== Segment start ==

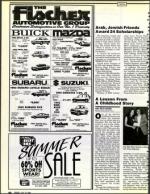 image of July 10, 1992 - number 124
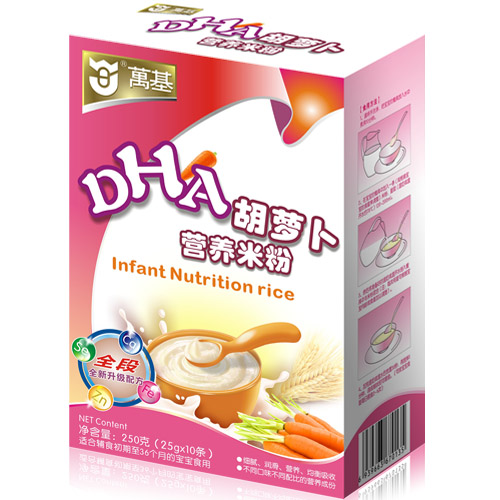 fDHA}IB׷ȫκb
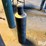 compressed-gas-cylinder-image-4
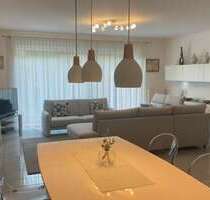 Haus zum Kaufen in Mönchengladbach 380.000,00 € 125 m²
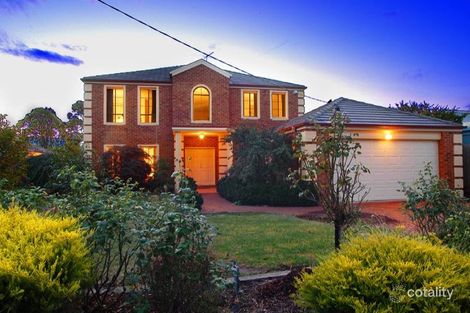 269 Lawrence Rd, Mount Waverley, VIC 3149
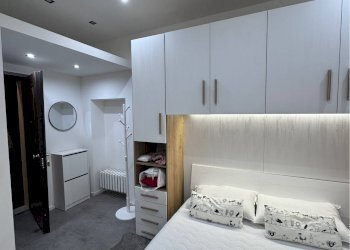 Foto 20 - Appartamento via Magenta
21, Busto Arsizio - foto 20
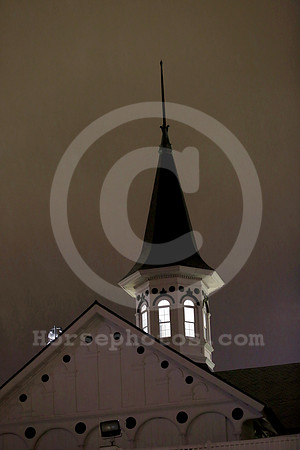 churchilldowns_spires243_rn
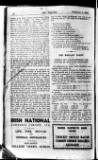 Dublin Leader Saturday 01 February 1930 Page 12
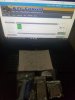 thumbnail_20190316_083441.jpg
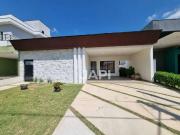 Casa / Sobrado em Condomínio para Venda em Itupeva/SP...
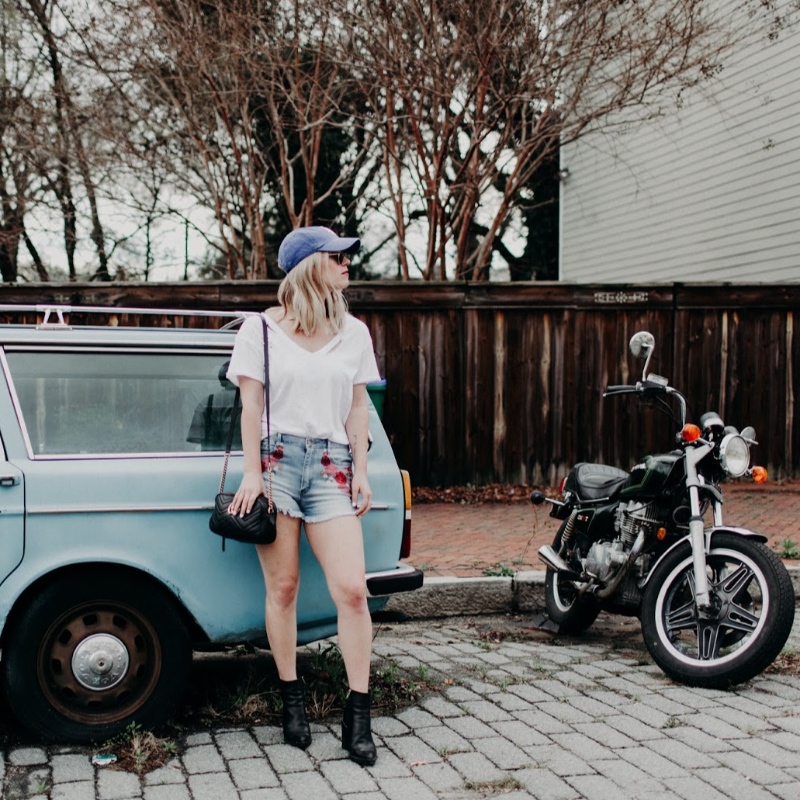 BASEBALLI ÜPPI Ajalugu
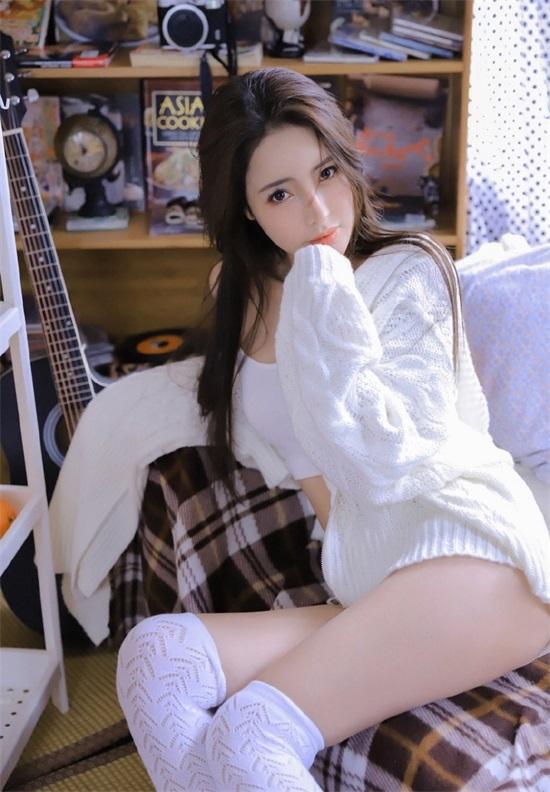 丝瓜草莓向日葵芭乐黄瓜小猪ios最新版截图3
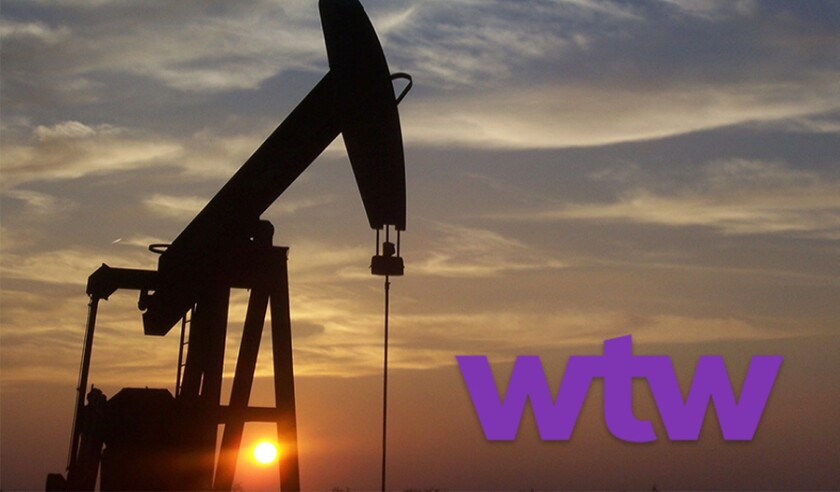 WTW logo upstream energy.jpg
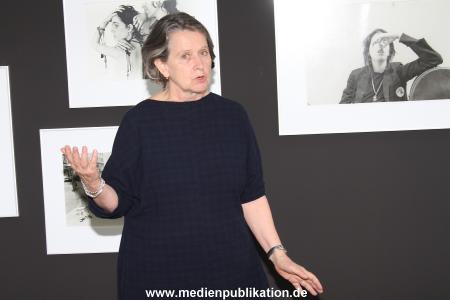 Judy Linn 25082011 016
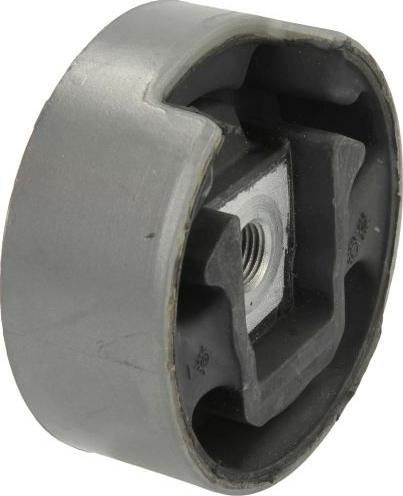 REINHOCH RH11-0039 - Подушка, підвіска двигуна autozip.com.ua
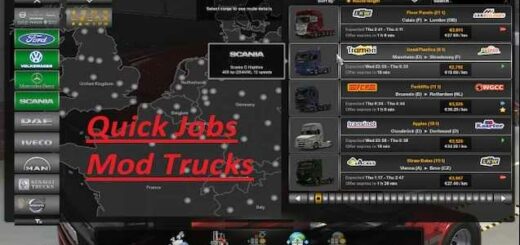 quick-jobs-modded-trucks-v2_S1E5Q.jpg
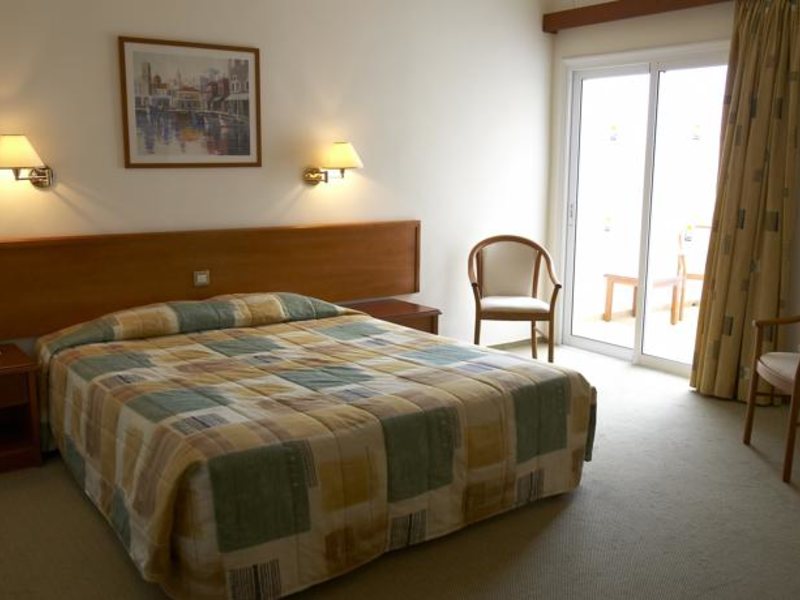 Elounda Breeze Resort 98335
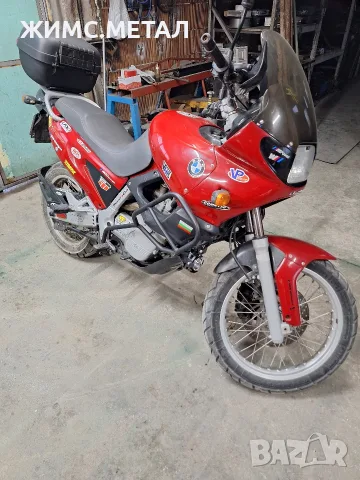 F650.............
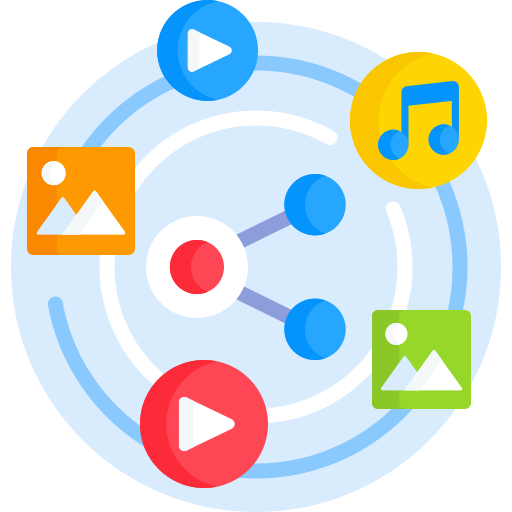 best Social Media Video Content services in india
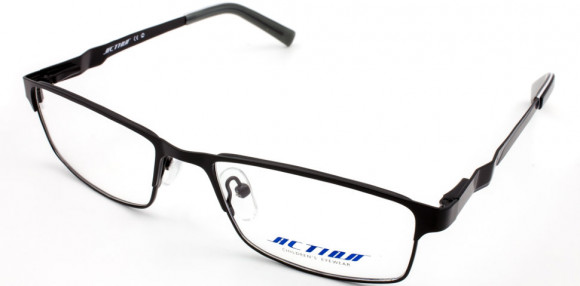 ОМД ACTION 1042R C1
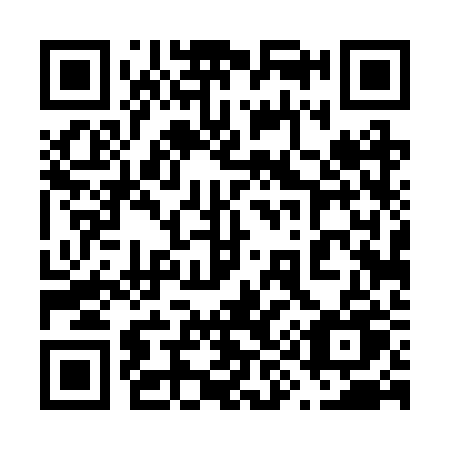QR code for 694 2RU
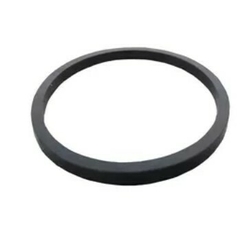Oring inferior para espadin G - comprar online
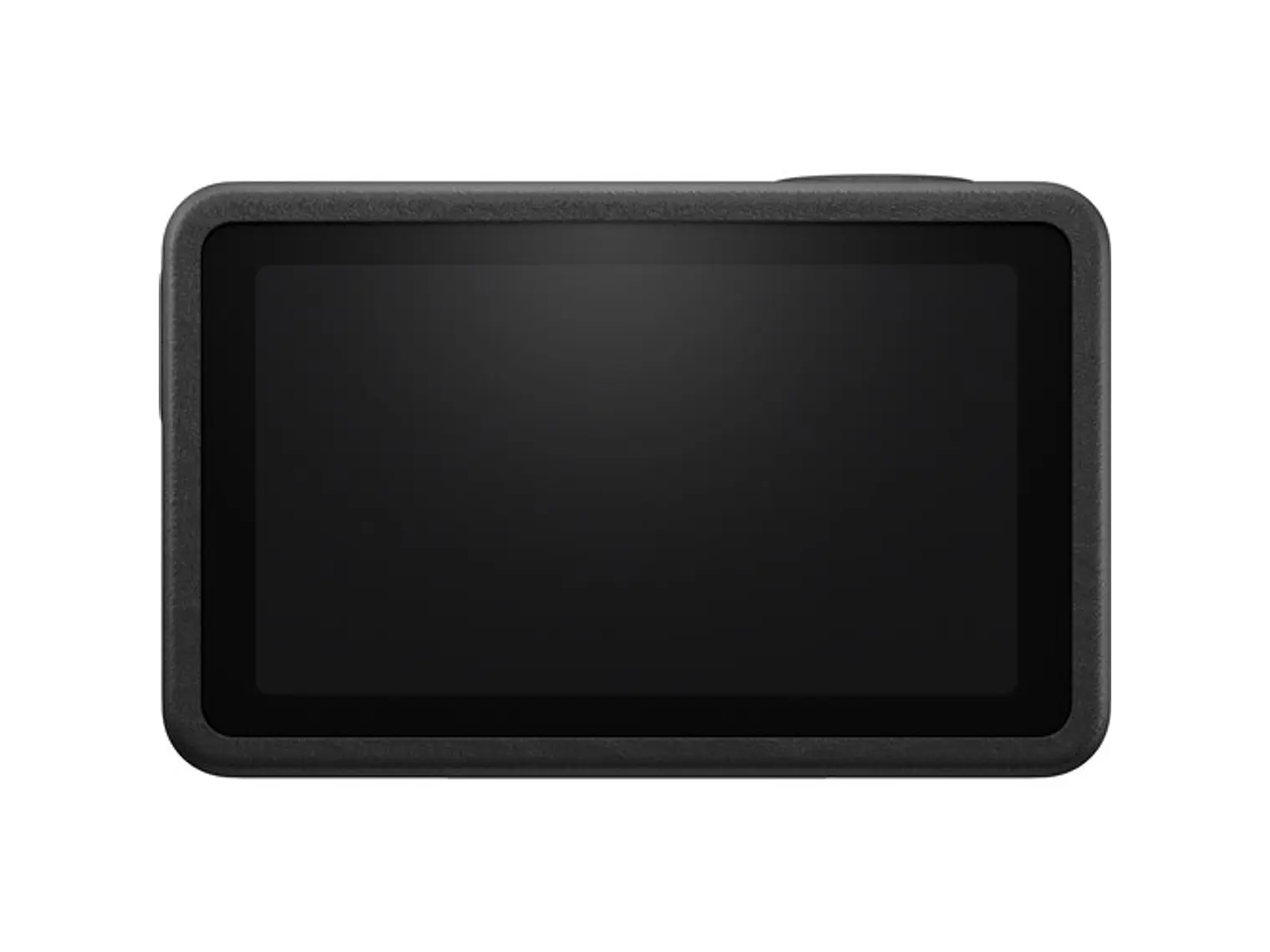 DJI Action 5 Pro Adventure Combo 2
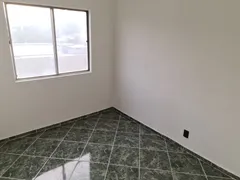 Apartamento com 2 Quartos à venda, 65m² no Pechincha, Rio de Janeiro - Foto 8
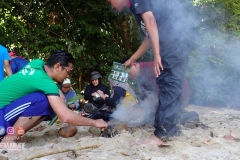 18358787_1783013772008746_8634815172011765850_o_1783013772008746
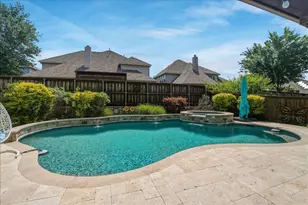 13844 Carmenita Dr, Frisco, TX 75035 - Photo 36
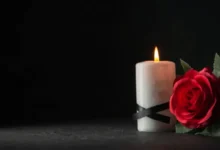 Джильда Крус-Ромо рассказывает о пути из Мехико в Метрополитен-опера dzhilda krusromo rasskazyvaet o puti iz mehiko v metropolitenopera-dmvv-ru-0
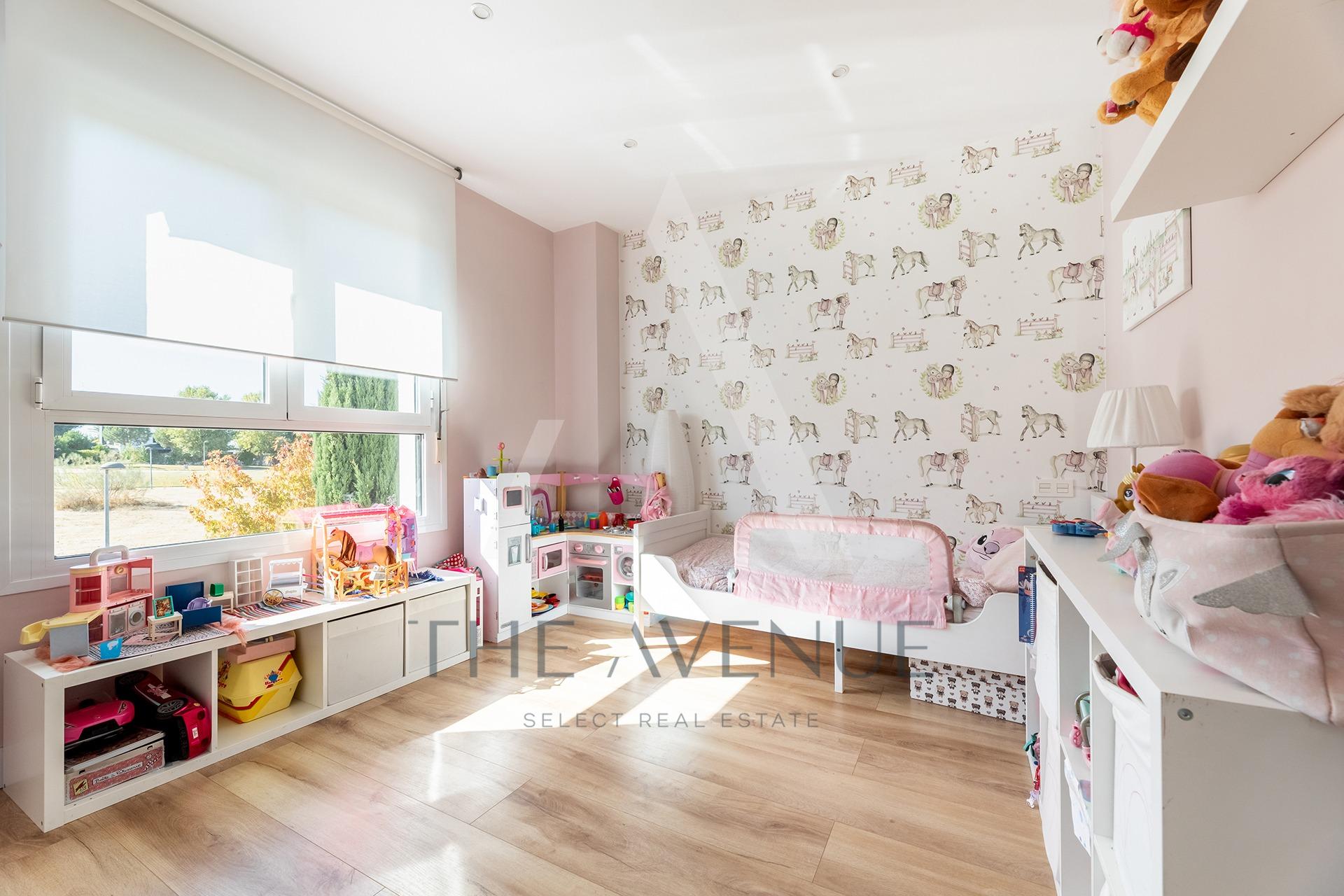 VCB204425 - Pareados de lujo en Majadahonda Pareados de lujo en Majadahonda, Madrid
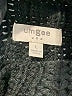 Umgee Black Pullover Sweater Size L - photo 7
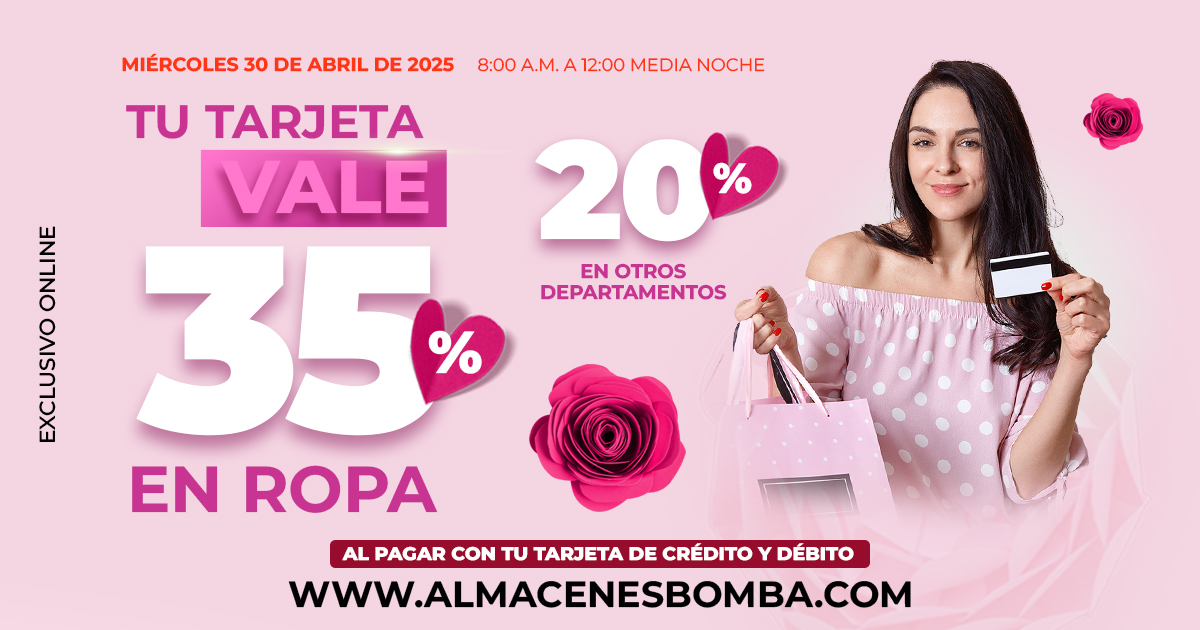 TuTarjeta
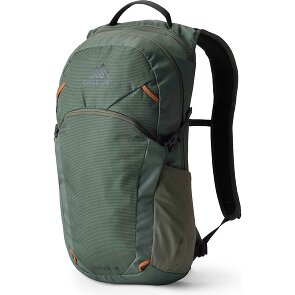 Gregory Nano 18 Hiking backpack 51 cm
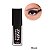 Sombra Liquida Eye Paint Velvet - Dailus - Imagem 1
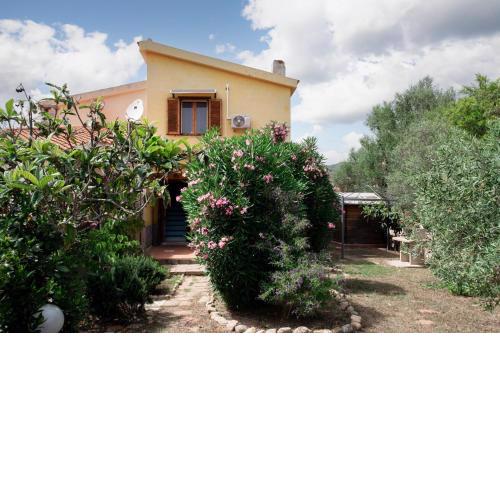 Casa Nik by Wonderful Italy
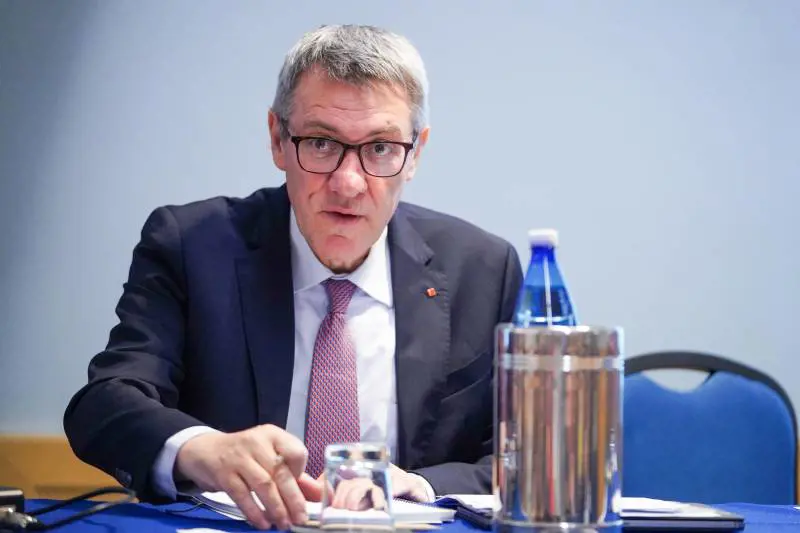 "Sciopero generale". Attacco al governo della Cgil con tre mesi di anticipo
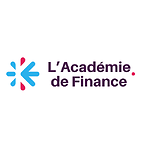 L'Académie de Finance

== Segment end ==

> _WORK ORDER_
Write out again, exactly, each line from the one containing "Джильда Крус-Ромо рассказывает" through the last line of the entries, and omit every picture.

> _PROBLEM SOLUTION_
 Джильда Крус-Ромо рассказывает о пути из Мехико в Метрополитен-опера dzhilda krusromo rasskazyvaet o puti iz mehiko v metropolitenopera-dmvv-ru-0
 VCB204425 - Pareados de lujo en Majadahonda Pareados de lujo en Majadahonda, Madrid
 Umgee Black Pullover Sweater Size L - photo 7
 TuTarjeta
 Gregory Nano 18 Hiking backpack 51 cm
 Sombra Liquida Eye Paint Velvet - Dailus - Imagem 1
 Casa Nik by Wonderful Italy
 "Sciopero generale". Attacco al governo della Cgil con tre mesi di anticipo
 L'Académie de Finance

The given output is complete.